Lesson and Other Things...

I've been out, but now I'm back in! Lately it's been school, and if not school then homework or riding. Some days it seems like the stable is like a reward for going to school and not the stable! But I wouldn't do that, because I've got this darned old thing called veterinary aspirations I need to maintain! Gee whiz!

I do ride consistently though, almost every day of the week. Greta has been doing very well, and as you can see from the video (if you can see it that well LOL) she is looking GORGEOUS! And, and out canter has improved! We also gave a short bout of sitting the trot on the long side of the arena a go on Thursday, and she really rounded up and I felt that "scoop" seat that my instructor was describing to us when we sit the trot and canter, and the walk too. Instead of bobbing up and down, you gotta go with that circular motion the horse makes, which feels almost like a "scooping" action, so that's where "scoop" came from. But that was, like, once in the lesson. It was still pretty cool. We also did a canter practice, and that went well. Her canter has definitely improved. It's far more collected, and she's starting to get on the bit here and there. It's hard to tell in the video, as she looked really good just when we were going behind the two other riders (I like a having a group of three now btw!)

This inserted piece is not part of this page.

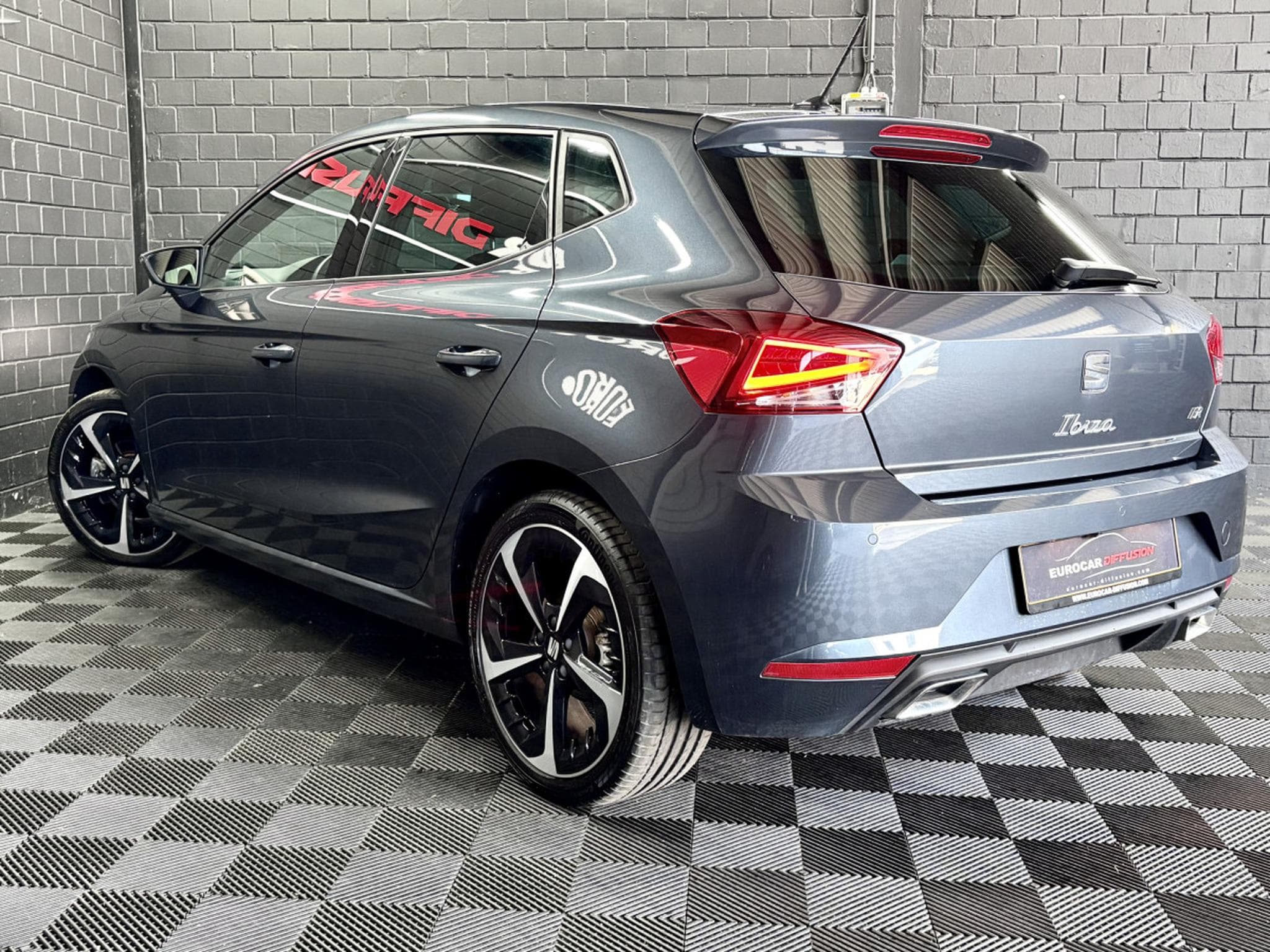 Seat Ibiza FR 115 CV  * Caméra * *Sièges Chauffants * (2025) - Photo 4
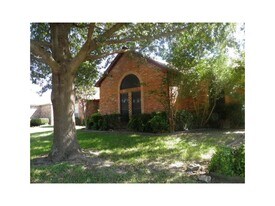904 Teakwood Ln in Desoto, TX - Building Photo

Greta, as usual, is super sweet, and since we've been doing the yielding the haunches exercises, she has been very focused on the ground and under saddle, and she seems to be a lot sweeter now that she seems to realize she doesn't have to worry about everything. Cute girl.

I will be getting up at 4:30 tomorrow morning to scribe dressage for an eventing show two hours away that several of my instructors students will be riding in. One is up to training now! Go her! I'm excited!